Tue Jun 21 22:41:06 UTC 2011
Ljubomir Ljubojevic <office at plnet.rs>

Les Mikesell wrote:
> On 6/21/2011 3:00 PM, Ljubomir Ljubojevic wrote:
>> Les Mikesell wrote:
>>> So, if you were managing an internet connected host running CentOS,
>>> would you configure it to track the CR repo or not?  Or what criteria
>>> would you use to make this decision?  I'm still having trouble seeing
>>> why, if upstream decided they should go out, that someone running what
>>> is essentially identical to that upstream code doesn't need them for the
>>> same reasons.  Or why to think the risk of installing them outweighs the
>>> risk of continuing to run what upstream had its reasons to replace.
>> We are not talking about regular updates, but **only** the time between
>> RHEL point release and CentOS point release.
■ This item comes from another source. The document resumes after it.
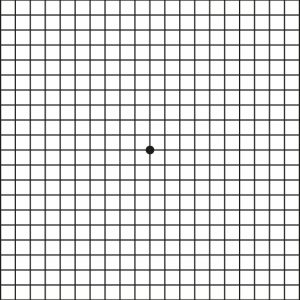 Das Amsler-Gitter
So completed packages do
>> not wait for *all* packages and ISO's to be released, but are available
>> as soon as QA team approves them.
>> If there is fundamental error for a base package that requires for some
>> of those packages to be recompiled, we need to have some kind of
>> automatic protection for that case scenario.
> 
> That doesn't address the risk of *not* installing these updates. 
> Generally speaking, I think most users of CentOS trust upstream's 
> choices and for me that includes when it is time to fix the bugs they 
> shipped last time around.  And generally speaking, I trust the CentOS 
> project to be able to recompile working source and catch obvious 
> mistakes before pushing them out.
> 
> So, again, under what circumstances does anyone think it is a good idea 
> to not opt into this repo and instead keep running code that will very 
> likely have published exploits over a time span that we've seen can run 
> for months?  I agree that this is a fuzzy area where not all of the 
> point release updates address vulnerabilities or even serious bugs, but 
> some certainly will.  It just seems to me that not doing them is betting 
> against the upstream wisdom or the project's building/QA capability. 
> But I also agree that yum should be smarter and know something about 
> rebuilds with no source change.
> 
I finally understand what you are talking about.
Who said anything about not releasing critical updates as soon as srpms 
are available (in "updates" repo)? I am sure that every security patch 
will still be released as soon as it is rebuild, unless it requires a 
package that has build problems that will actually hold entire build 
process, in which case even CR repo will not help.